**EXERCISE DATA**
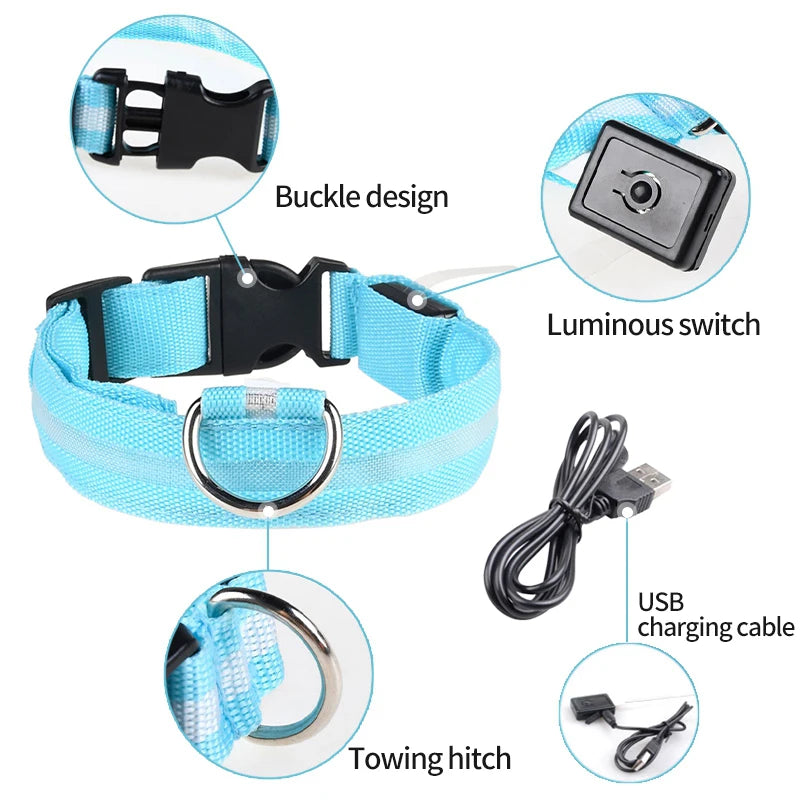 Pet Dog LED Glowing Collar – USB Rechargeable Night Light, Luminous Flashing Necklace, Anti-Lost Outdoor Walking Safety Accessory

* * *

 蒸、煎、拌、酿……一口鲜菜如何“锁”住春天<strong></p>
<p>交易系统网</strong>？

* * *

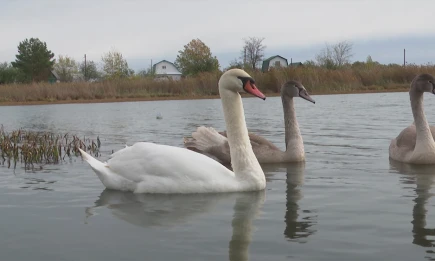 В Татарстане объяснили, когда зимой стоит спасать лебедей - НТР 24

**TRY IT**
For every line of the material above that contains the word "strong", show the line.

**EXERCISE RESULT**
 蒸、煎、拌、酿……一口鲜菜如何“锁”住春天<strong></p>
<p>交易系统网</strong>？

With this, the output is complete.